Another consideration was the cost implications of using GPT-4-turbo for data analysis. With an average cost of €19 per 1 million tokens, even a modest 66k token dataset would incur €0.66 in processing costs. As the need for analysing multiple datasets arose, this AI automation would not be cost-effective with scale.

To address the cost factor, we experimented with reducing the data sampling frequency of datasets and making data discrete, greatly reducing the total input length and therefore the cost per analysis while maintaining comparable analysis quality.

Use Cases and Applications

The potential of using LLMs for efficient data analysis can be applied across several industries such as energy, climate, mobility, and gaming. Example applications include live analysis of data feeds for anomaly detection, generating insights and recommendations based on raw data and enabling comparisons between datasets. While we did not implement full-scale solutions, the results demonstrated the feasibility of leveraging LLMs for data analysis in sectors such as energy, climate, mobility, and gaming.

As the field progresses, we anticipate the emergence of increasingly specialised LLMs tailored for specific domains or data types, further enhancing the accuracy and relevance of the analysis.

Best Practices and Lessons Learned

Throughout our journey of developing and implementing LLM-based data analysis solutions, we have gathered valuable lessons and best practices that extend beyond technical aspects. One crucial lesson has been the importance of collaboration and interdisciplinary work. Effective data analysis with LLMs requires a synergy between subject matter experts, data scientists and AI practitioners, ensuring that domain knowledge, data understanding and AI expertise are all brought together.

Mitigating the potential for hallucinations, or incorrect outputs generated by the LLM, is an ongoing challenge that requires continuous monitoring and adjustment of the AI workflow. As new models and training approaches emerge, we anticipate many improvements in this area.

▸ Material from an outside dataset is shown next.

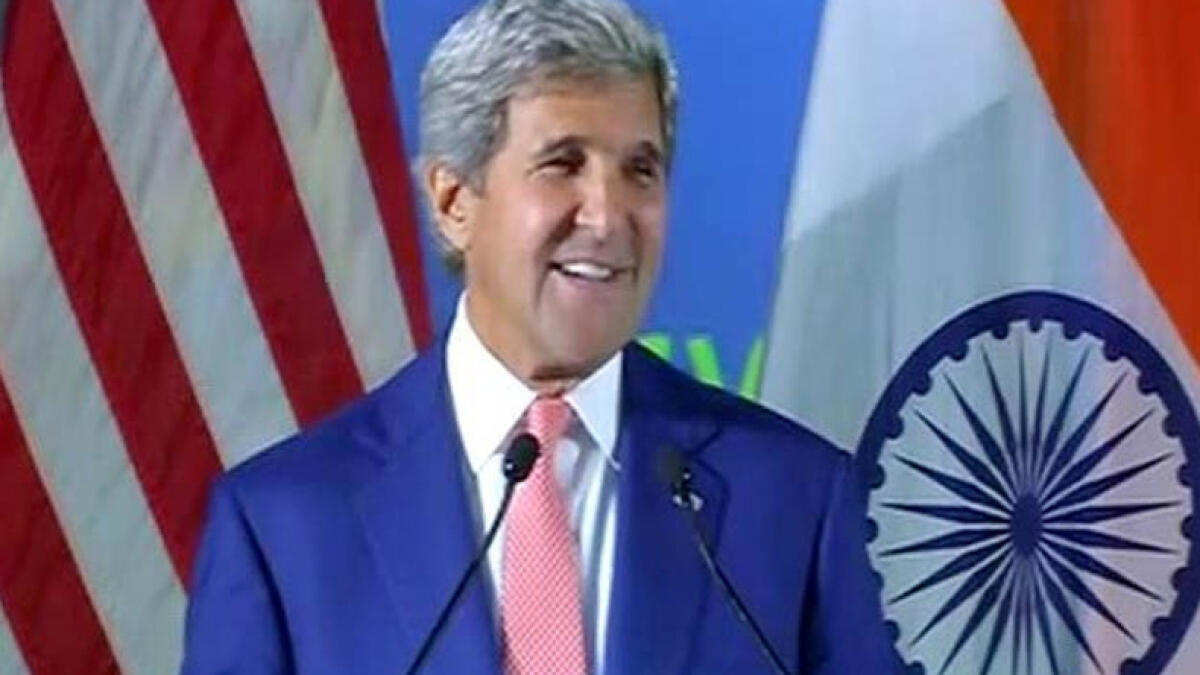 Did you come in boats, John Kerry asks Delhi students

Another key best practice is the iterative and agile approach we adopted. By embracing a cycle of continuous refinement and testing through Proof of Concepts, we could rapidly adapt and optimise our AI workflows based on feedback and results.

We are excited about the future developments and trends of using LLMs for data analysis. One notable trend is the rise of specialised LLMs tailored for specific domains or data types, such as genomics, customer interactions, or financial analysis. Additionally, we anticipate advancements in model architectures and training approaches that will further reduce the occurrence of hallucinations and improve overall performance, as exemplified by the latest Claude models from Anthropic, which come in three sizes, each optimised for different tasks like research + analysis, search + retrieval + coding, or customer interactions.

As these new models get released, we expect even better opportunities for leveraging LLMs to unlock valuable insights from data, drive innovation, and inform strategic decision-making across a wide range of industries and domains.